(Short text fragments from websites)
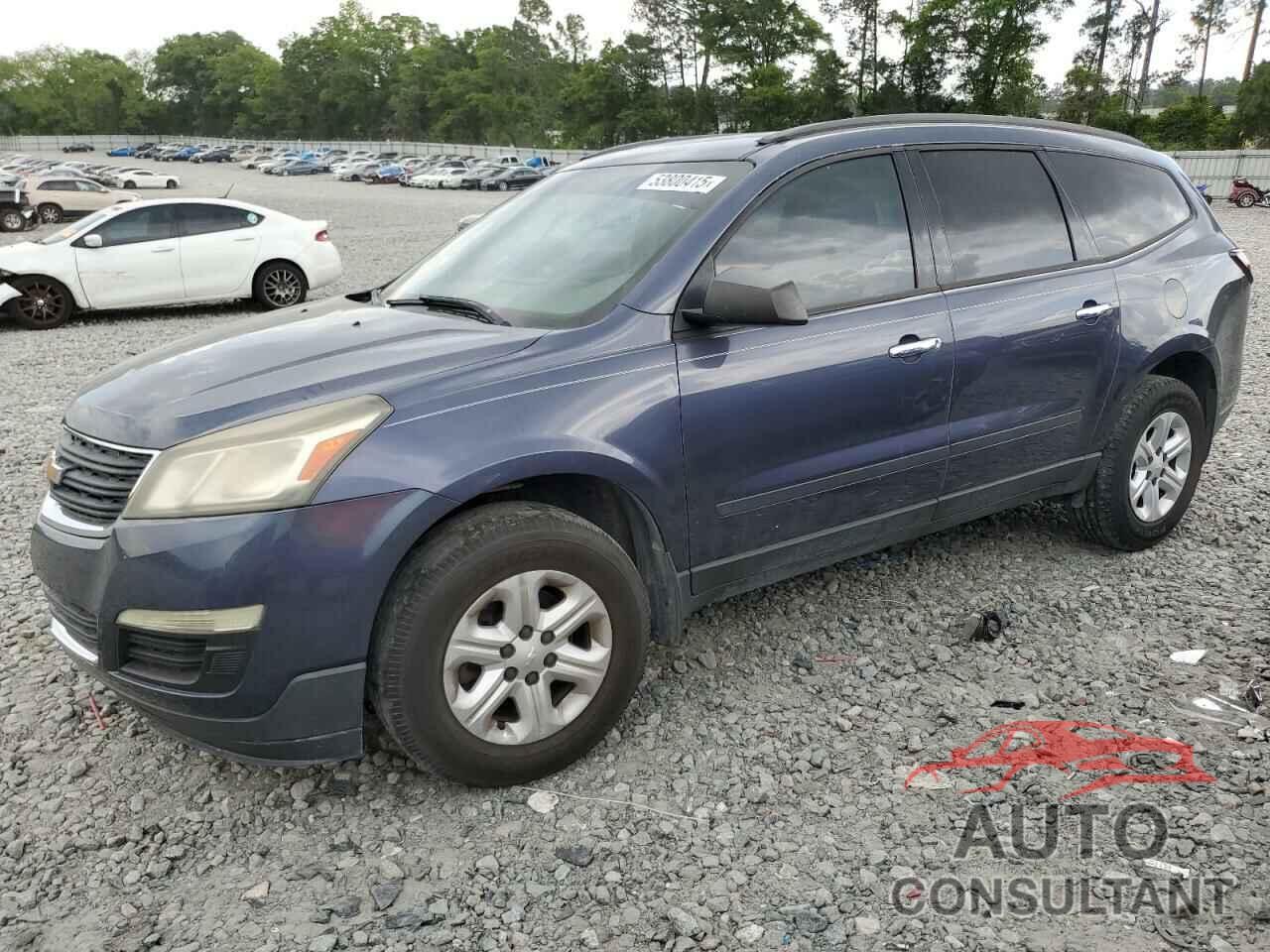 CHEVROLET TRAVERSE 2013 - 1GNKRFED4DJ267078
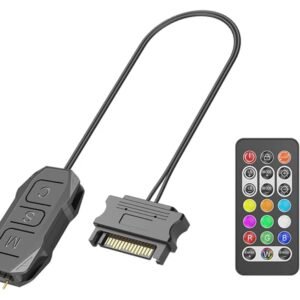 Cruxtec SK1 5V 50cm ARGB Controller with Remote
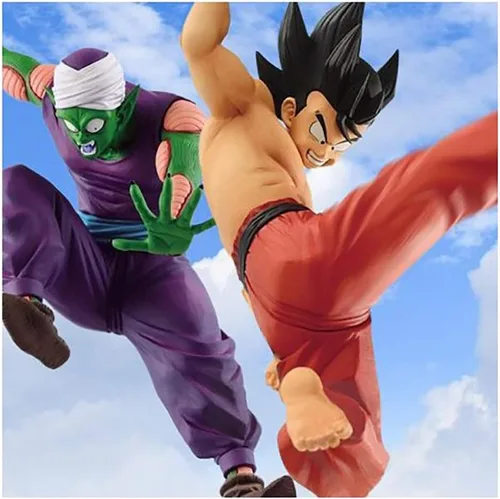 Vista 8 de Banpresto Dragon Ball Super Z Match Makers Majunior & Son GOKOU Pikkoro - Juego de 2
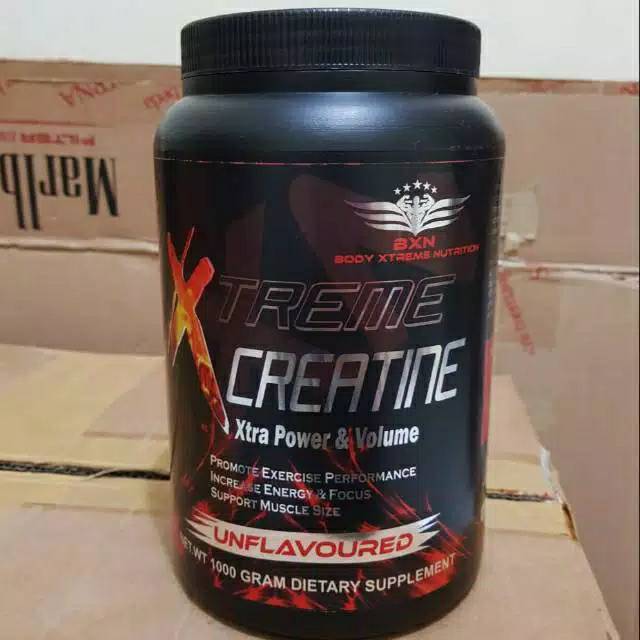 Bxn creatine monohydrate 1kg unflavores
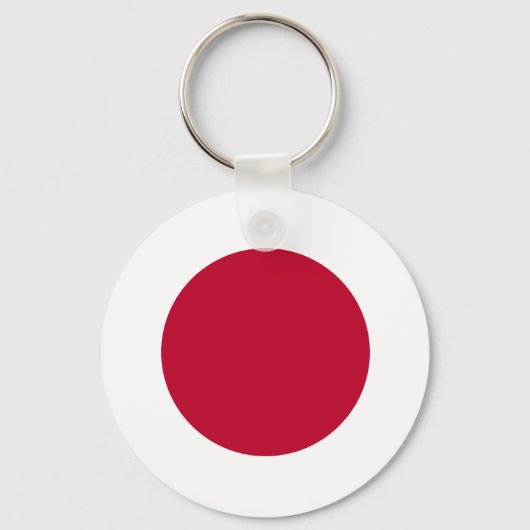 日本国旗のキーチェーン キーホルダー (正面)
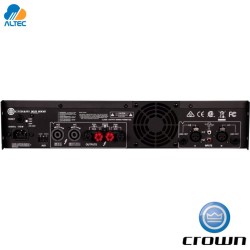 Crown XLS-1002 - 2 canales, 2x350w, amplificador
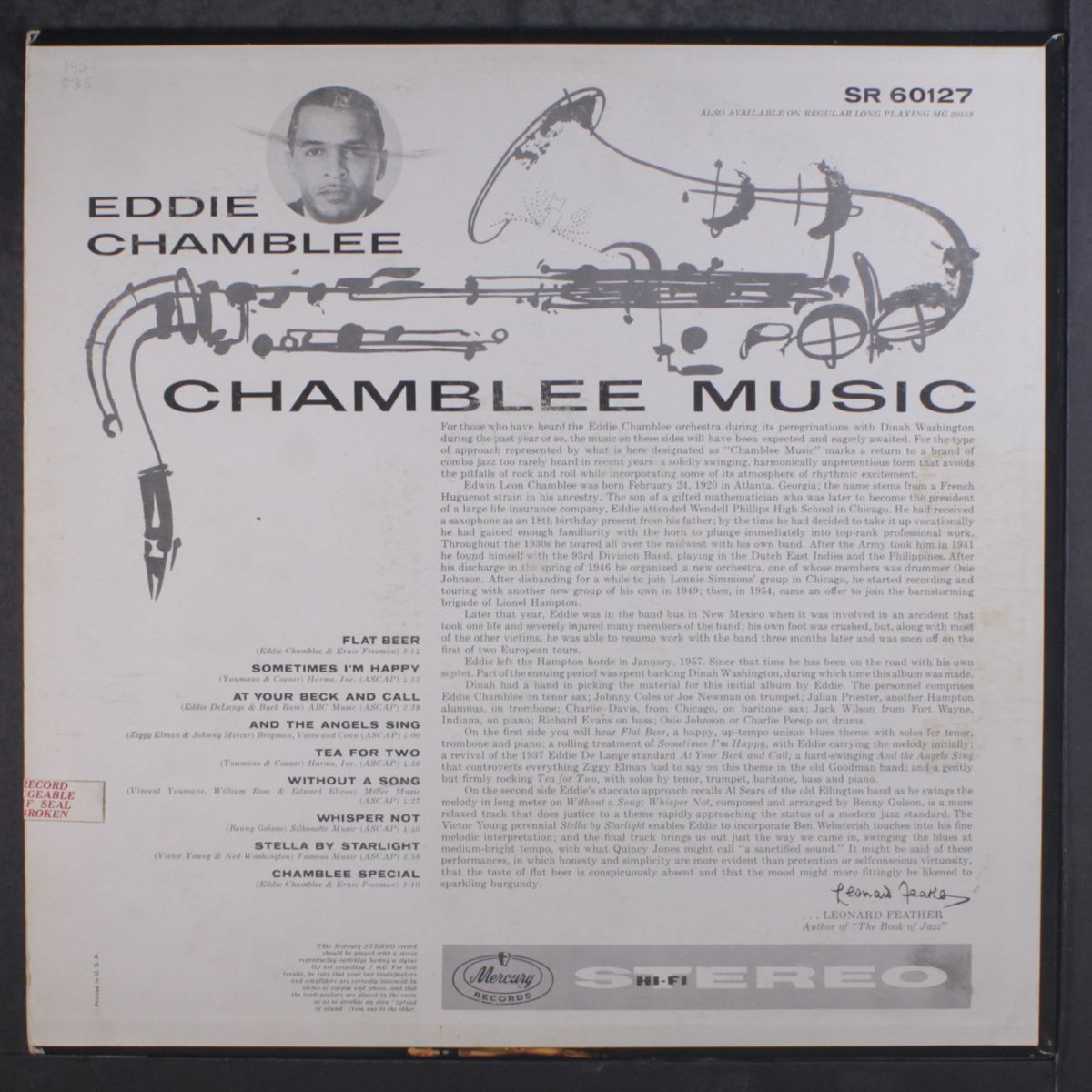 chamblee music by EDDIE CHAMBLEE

* _ACTIVITY_
All lines from the one containing "Bxn creatine monohydrate 1kg unflavores" through the final line of the entries above are to be copied exactly; the pictures are not.

* _EXERCISE ANSWER_
 Bxn creatine monohydrate 1kg unflavores
 日本国旗のキーチェーン キーホルダー (正面)
 Crown XLS-1002 - 2 canales, 2x350w, amplificador
 chamblee music by EDDIE CHAMBLEE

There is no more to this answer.